C’est aussi un homme qui se défend bien en français, contrairement au moment où il siégeait à l’Hémicycle, il y a 4 ans. C’est bien cet Alghabass Ag Intallah sommairement décrit, imperturbable comme toujours, avec son calme olympien, que nous avons rencontré.

«Nous sommes venus à Bamako à la demande du Haut représentant du Chef de l’Etat. Nous sommes en train d’échanger avec lui et avec le Représentant du Secrétaire Général de l’ONU pour trouver une issue favorable aux récents affrontements survenus dans la région de Kidal. Nous ne voulons pas un nouvel accord ou de nouveaux arrangements.
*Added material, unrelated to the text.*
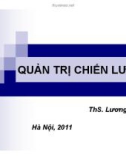 Bài giảng Quản trị chiến lược: Chương 1 - Ths. Lương Thu Hà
Nous sommes derrière l’Accord pour la paix et la réconciliation. Nous demandons son application intégrale. Aussi souhaitons-nous la mise en place diligente des autorités intérimaires, condition sine qua non pour la paix. Elles permettront de sécuriser les différentes localités et d’assurer la gestion locale là où les collectivités ne fonctionnent pas», nous a-t-il expliqué.

Avant d’ajouter: «dans les autres communes des 5 régions du nord, il y aura seulement un changement d’appellation du Conseil communal et, dès que celui-ci sera élu, il est mis fin à la mission des autorités intérimaires. C’est une disposition de l’Accord et il faudra en passer par là pour s’attaquer aux véritables problèmes de développement, à savoir les routes, l’eau, l’école et les centres de santé».
Pour Alghabass Ag Intallah, l’entrée au gouvernement de la CMA n’est pas à l’ordre du jour. «Si nous envoyons un ou plusieurs ministres au gouvernement, cela ne profitera qu’à eux seulement et à leur famille. Cela ne résoudra pas le problème de la population de l’Azawad. Nous voulons qu’on règle nos doléances avant une hypothétique entrée au gouvernement», a-t-il laissé entendre.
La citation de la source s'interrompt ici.